HOUSTON, Dec. 16 -- Futures prices for natural gas and heating oil declined Monday with indications of a break in the recent wave of cold weather across much of the US, but oil prices rose on the New York Mercantile Exchange, despite predictions by some that the weekend capture of former Iraqi President Saddam Hussein might trigger a rollback.

"The capture of Saddam Hussein could cause a quick drop in oil prices, which currently have a security premium of about $5/bbl," said Michael C. Lynch, president of Strategic Energy & Economic Research Inc. in Winchester, Mass.

"Expectations that the military situation in Iraq will ease substantially and that exports [of Iraqi crude] through Turkey could add a quick 300,000 b/d to the market could cause a rout of the [market] bulls who have been exaggerating impact of the cold weather in the US and political instability in the Middle East," said Lynch in a strategic brief issued Sunday.

"Although world markets remain relatively tight at the moment, most indicators suggest that the crude market is overbought. Product prices remain low, and the degree of backwardation [a market situation in which futures contract prices are progressively lower in the distant delivery months] is fairly minor, while world oil production is soaring," he said. "The potential for a crude sell-off, even strong shorting by hedge funds, is very real and could take the West Texas Intermediate price under $30[/bbl] very quickly."

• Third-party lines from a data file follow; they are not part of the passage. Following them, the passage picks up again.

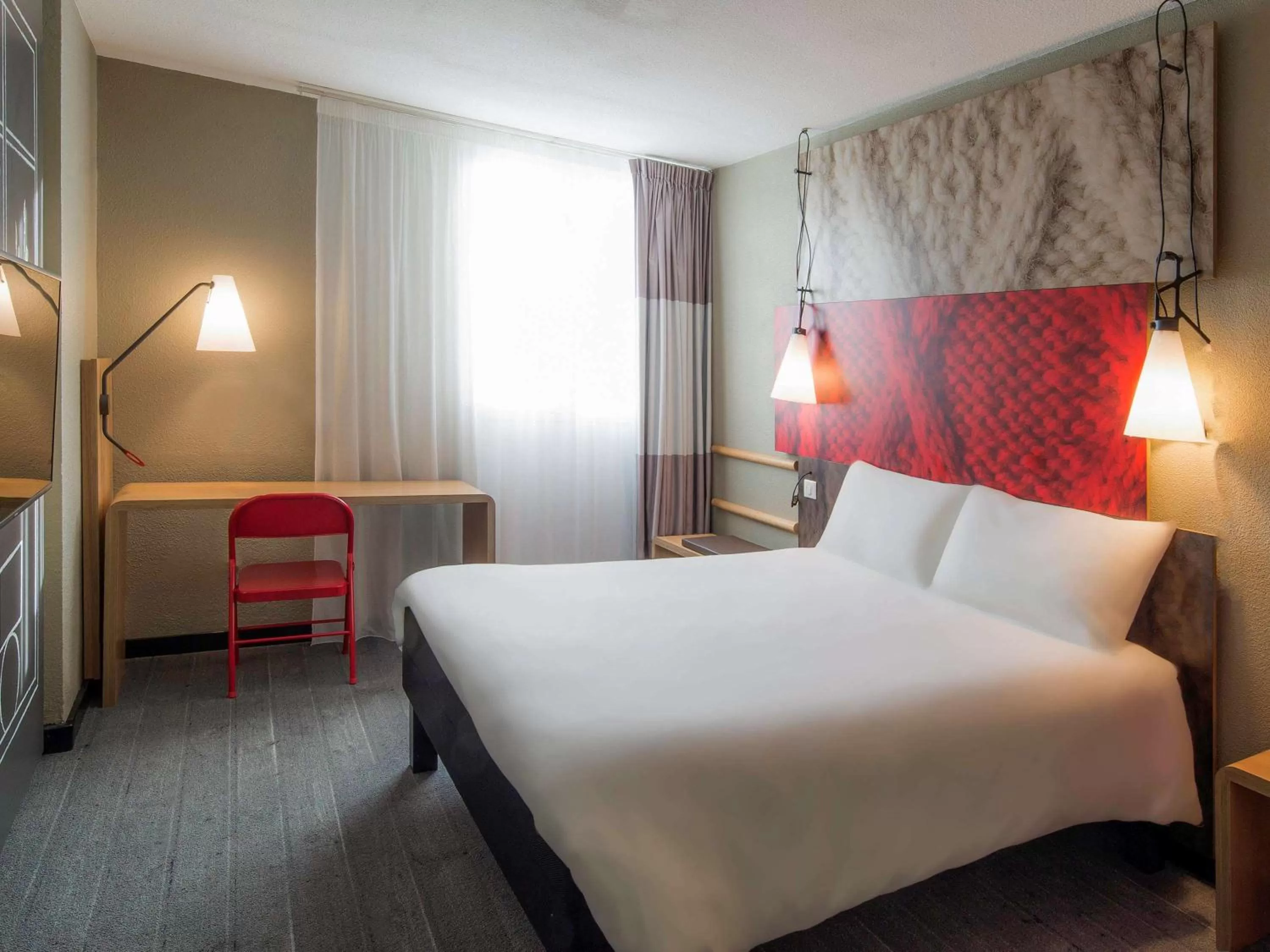 Photo of the whole room, Bed in ibis Tours Nord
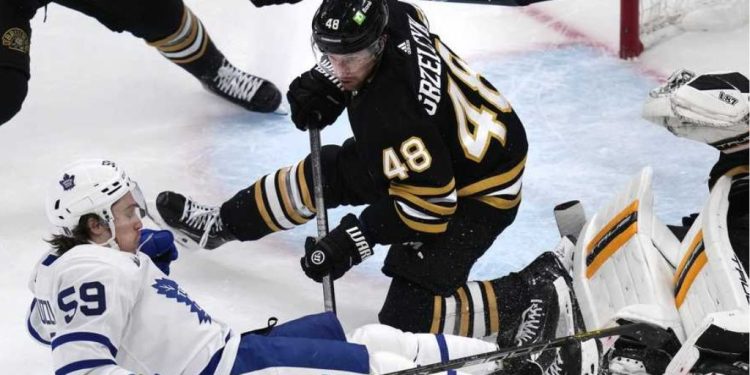 Bruins vs. Maple Leafs (Credit: NHL)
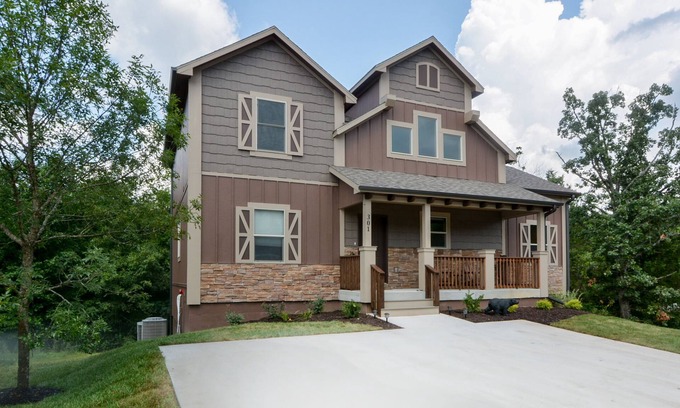 Hollister House | BLACK BEAR LODGE-2Pools&SplashPad Private HotTub, Arcade, PoolTable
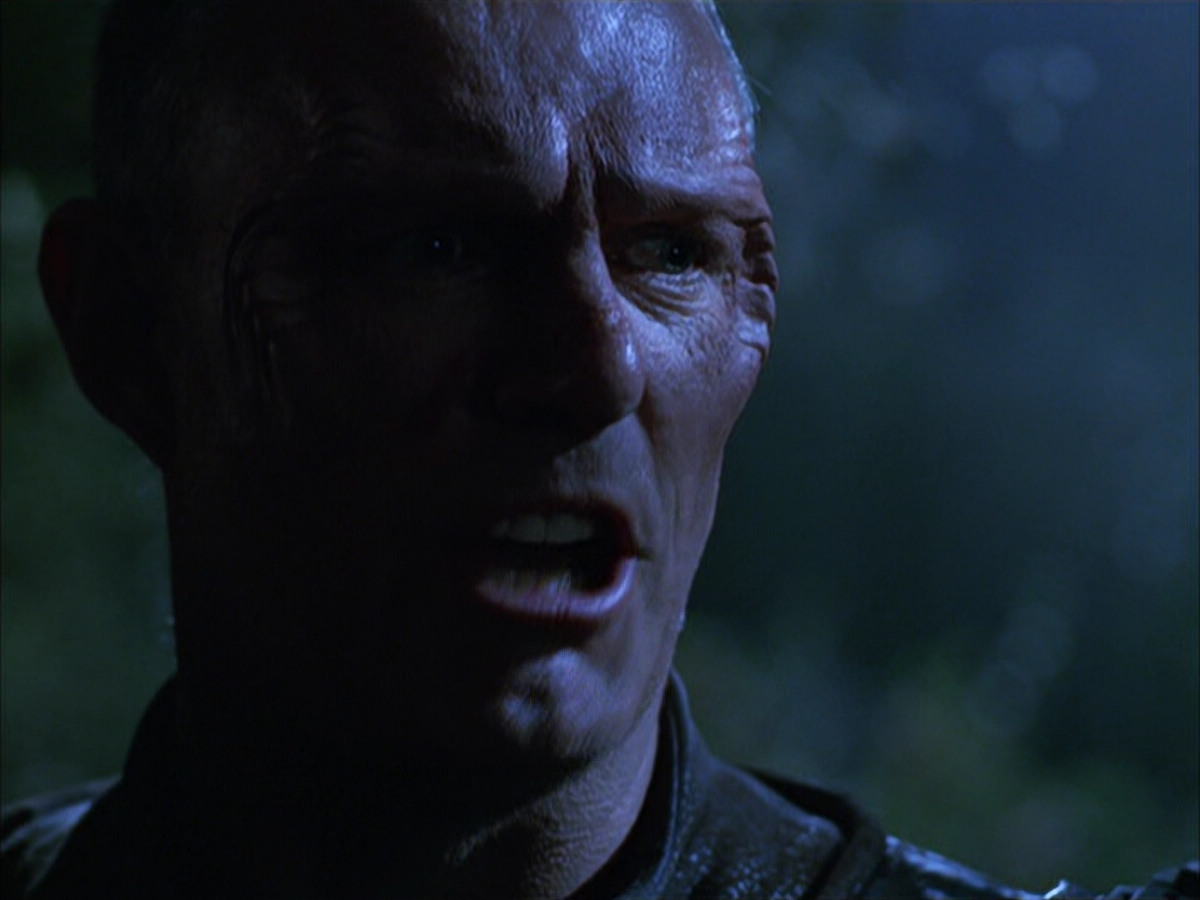 extant_StarTrek_VOY_6x14-Memorial_02268.jpg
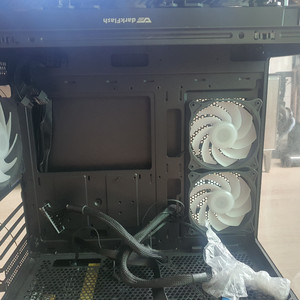 nzxt, 3rsys,앱코 컴퓨터 케이스, 수냉쿨러,파워서플라이 판매 이미지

However, Michael Rothman, senior energy market specialist at Merrill Lynch Global Securities Research & Economics Group, New York, expressed doubts Monday that Saddam's capture would have much immediate effect on the production and export of Iraqi oil or on world oil prices. "We disagree with assertions by many market pundits that current oil prices reflect a 'terrorist premium' of up to $9/bbl. These views, like those about the 'war premium' earlier this year, ignore underlying fundamentals, including a still large storage deficit and limited spare production capacity," he said (OGJ Online, Dec. 15, 2003).

Energy prices
The January natural gas contract fell by 26.7¢ to $6.95/Mcf Monday on NYMEX, "pressured by technical selling and profit taking after last week's sharp gains and milder midweek weather forecasts," said analysts Tuesday at Enerfax Daily.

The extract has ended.